One night a 2-hour traffic delay built up as Redmond Construction's volumetric concrete trucks poured a median barrier just south of San Francisco. The project, scheduled to last 4 hours, took only about 3 hours to complete. However, traffic lines grew so fast that the California Highway Patrol police commander required updates from the project engineer.
The engineer decided to specify a change in the mix design for the next night's pour, using a proprietary fast-setting hydraulic cement that would reduce the concrete's set time and cut the onsite time down to less than an hour.
While highway users still want great roads, they also want them repaired without any delay or inconvenience. In high traffic areas, project engineers are now telling contractors and producers that one key performance requirement is to keep traffic moving.
Using data from a late-1990s University of California research study, Dave Holman from the California Cement Promotion Council (CCPC) estimates that 75% of the California highway system, including 90% of the rigid pavement, is 24 to 39 years old. Unfortunately, most of these roads were designed for a 20-year project life using load factors based upon substantially lower traffic counts than they actually carry today. So it's not surprising that some studies estimate that 80% of the rigid pavement in urban Southern California will require some form of rehabilitation in the immediate future.
Anticipating the challenges that such massive rehabilitation presents from both a materials and public inconvenience standpoint, state engineers began to investigate economical options for rebuilding or repairing the roads with concrete in the late 1990s.
In 1998, Caltrans engineers and concrete producers held a series of seminars to try to answer how state transportation could write a specification for the repair of outside traffic lanes of the deteriorating pavements.
It was obvious that transportation engineers would need a different approach to their typical repair procedures and have to tailor their materials requirements.
To determine which mix would best meet the rehabilitation requirements, Caltrans worked with Dr.

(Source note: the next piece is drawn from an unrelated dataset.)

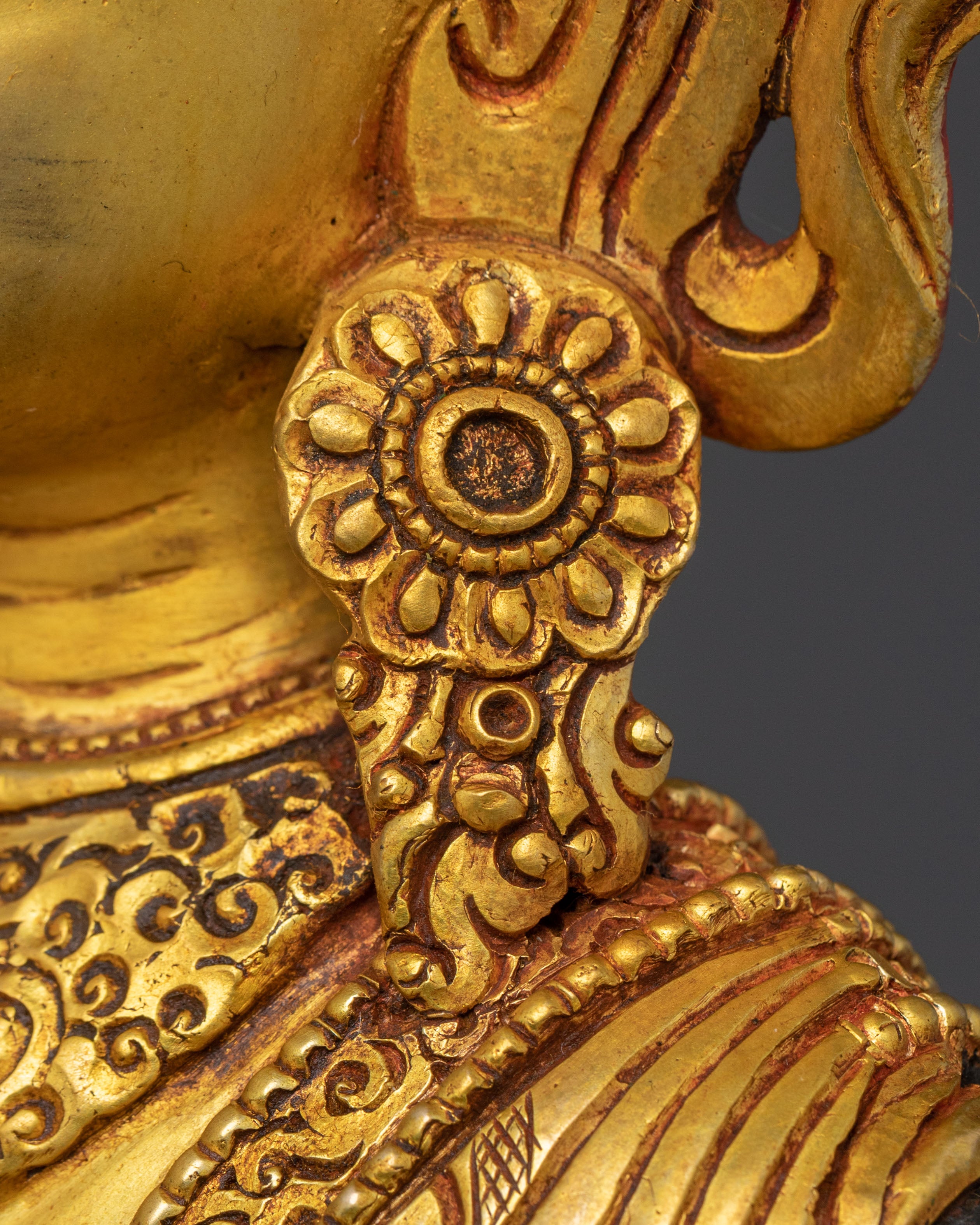 Dipankara Buddha Spiritual Golden Statue: Radiant Grace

Jeff Roesler, at the time a concrete researcher at the U.C. Berkeley Field Station in Richmond, Calif. In addition to strength and workability tests, U.C. Berkeley researchers also tested the durability of in-place concrete pavement.
The producers advised state officials to distinguish between high-early-strength concrete (HESC) and high-strength concrete. This distinction enabled specifiers to allow water reducers and nonchloride accelerators. It also opened the door to considerations of different cements.
What would seem to be a concrete promoter's dream situation--a client wanting to use concrete and willing to specify a performance mix that demonstrates concrete versatility--has become an unfortunate battleground for our industry. Many of the participants are debating which cement to use for the project. When members of the CCPC and the Western States Chapter of the American Concrete Paving Association saw that that proprietary cements were becoming the preferred choice, many contractor members saw only potential problems.
In late 1999 Caltrans constructed a test project on a section of Route 71 in Pomona. Caltrans engineers were so satisfied with project results that they later allowed the tear-out and replacement of 3500 cubic yards on a 2-mile stretch of I-10.
The decision to allow fast-setting hydraulic cement in the specifications is not without its critics. Hydraulic cements are about four times as expensive as standard Type I or Type II portland cements, and the different chemistry necessitates different mix designs, which include higher water content. Finally, the chemistry also causes contractors to revise their standard placement methods and finishing procedures.
Despite these differences over which cement is best for fast-setting construction techniques, the fact remains that our industry has a product and mix design for this type of job.